In general, though, I think he's right that a majority of the
>> Tea Party's liberal/left opponents actually have more in common with it,
>> than it does with the "states' rights" caricature they draw of it.
>>
>
> Maybe, if you leave aside things like social spending and financial and
> environmental regulation.
But these are all secondary, if not tertiary factors. I don't/can't/wouldn't wanna speak for Jack, but I think that the Tea Partiers' positions on these points stem directly from their attachment to American exceptionalism more than any fiscal perspective. For America to align its policies in these areas with those of other industrialized nations - all that the liberals are asking for - would reinforce that it is merely a country among countries, something that, for the Tea Partiers, is incompatible with the mythology on which our country is uniquely founded.

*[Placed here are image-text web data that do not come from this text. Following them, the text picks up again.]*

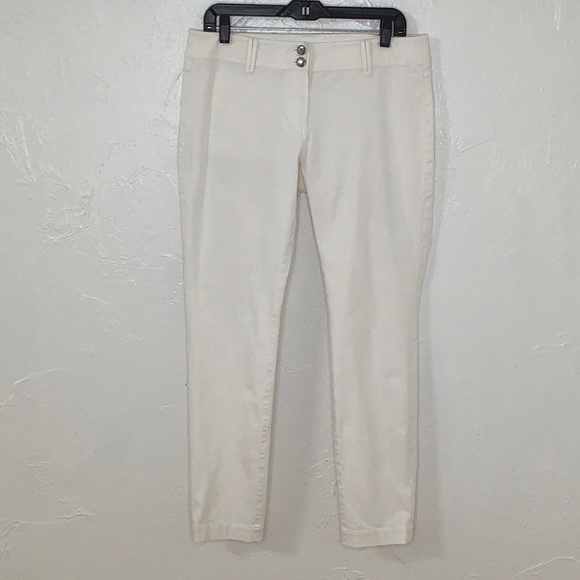 Eileen Fisher flat front Riko white high waisted pants size 8 EUC - Picture 2 of 11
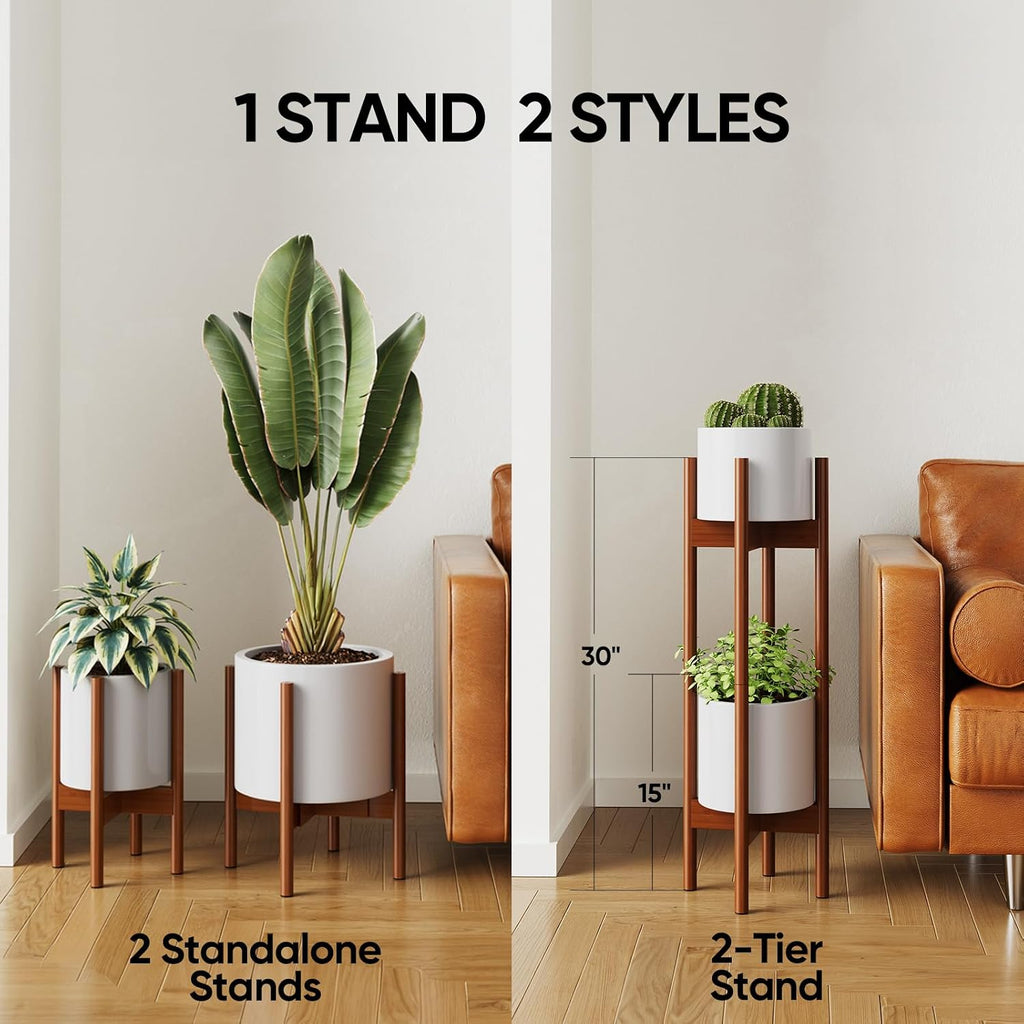 2 Pack Indoor Plant Stands, 2 Tier Tall Plant Stand 30 inches, Mid Century Bamboo Plant Stand, Adjustable Width 8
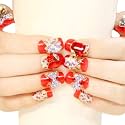 Secret Lives® acrylic press on nails designer bridal artifical nails extension red color and silver 3d bow with red &amp; silver crystals design 24 pieces set with glue sheet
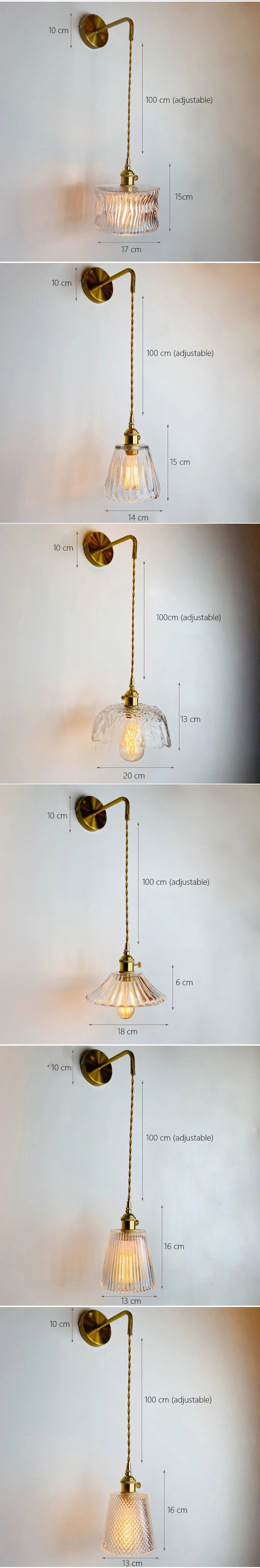 Home Deco Nordic Adjustable Glass Bedside Wall Lamp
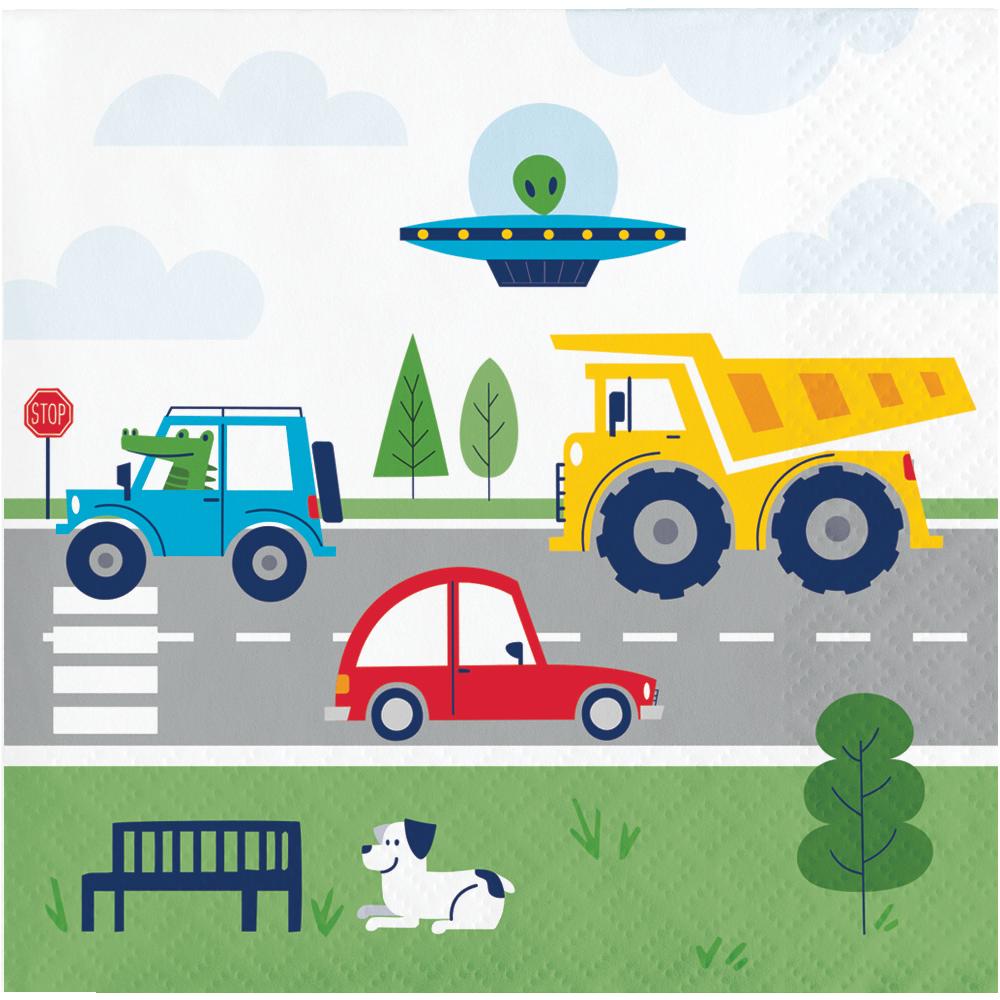 Transportation Time City Life Paper Beverage Napkins (Case of 192) - Birthday Party Supplies by Creative Converting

> And it's just not true that the TPers don't care about the federal debt.
> They're obsessed by it.
Again, I don't think that's the primary impetus behind them. I'm sure that Italy and Japan also have fiscal conservatives concerned with their nations' debts, but they don't launch the same kinds of mass movements.
> And a lot of the liberal anti-TPers are no fans of the American empire,
> even if some of the Dems they habitually vote for are.
>
If you want to define the empire restrictively enough (troops on the ground, in whichever country the liberals don't want troops on the ground this year), sure.
-- "Hige sceal þe heardra, heorte þe cenre, mod sceal þe mare, þe ure mægen lytlað."